Reid Ferring, an anthropologist at the University of North Texas in Denton, and his colleagues excavated the Dmanisi site in the Caucasus Mountains of Georgia. They found stone artifacts–mostly flakes that were dropped as hominins knapped rocks to create tools for butchering animals–lying in sediments almost 1.85 million years old. Until now, anthropologists have thought that H. erectus evolved between 1.78 million and 1.65 million years ago–after the Dmanisi tools would have been made.
Furthermore, the distribution of the 122 artifacts paints a picture of long-term occupation of the area. Instead of all the finds being concentrated in one layer of sediment, which would indicate that hominins visited the site briefly on one occasion, the artifacts are spread through several layers of sediment that span the period between 1.85 million and 1.77 million years ago. The findings are published today in the Proceedings of the National Academy of Sciences.
The presence of a tool-using population on the edge of Europe so early hints that the northern continent, rather than Africa, may have been the evolutionary birthplace of H. erectus. Unfortunately, the fossils of the hominins responsible for making the tools are not proving very helpful to the debate.
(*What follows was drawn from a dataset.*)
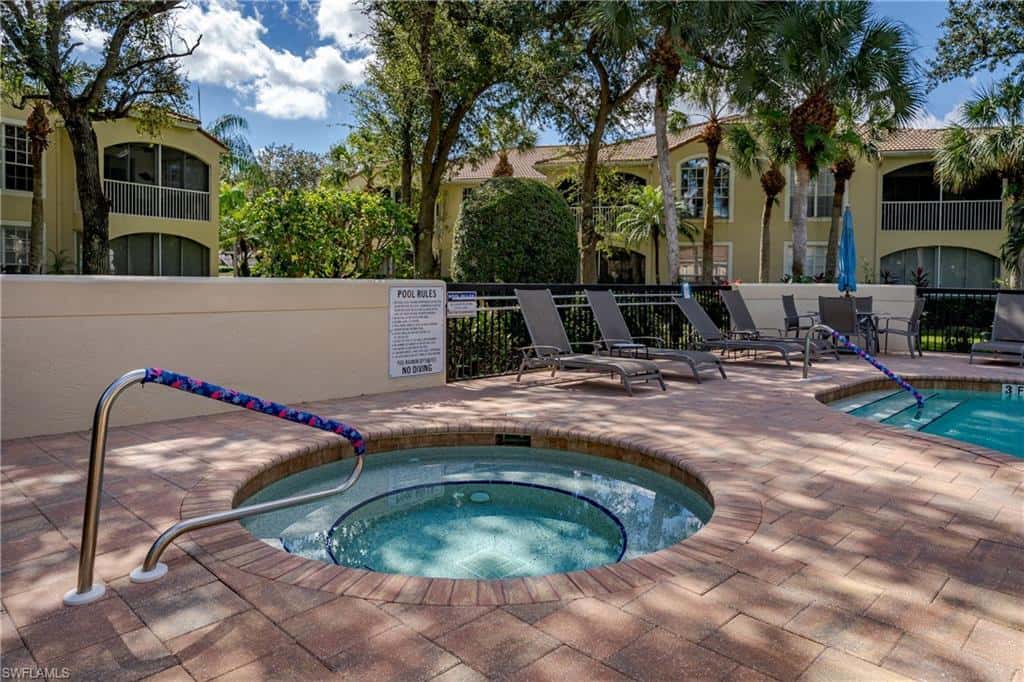 56 Silver Oaks Cir #202, Naples, photo 31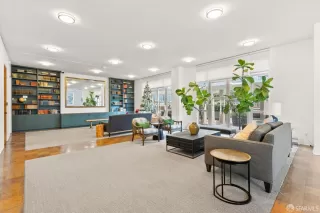 Photo #6: 424084147 Listing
Fossilized bone fragments found in the same sedimentary layers as the Dmanisi artefacts are too weathered to be identified as belonging to any one species, so it is impossible to say for sure whether the tools were made by H. erectus.
There and back again
Even if the ancient inhabitants of the Dmanisi site were not early members of H. erectus, there is still a problem: anthropologists have previously thought that no hominins existed outside of Africa as early as 1.85 million years ago.
“Anthropology textbooks of the 1990s often showed maps with large arrows indicating migration of early H. erectus from its inferred core area of eastern Africa to other parts of the Old World,” explains Roebroeks. The findings in Dmanisi make such an explanation look faulty.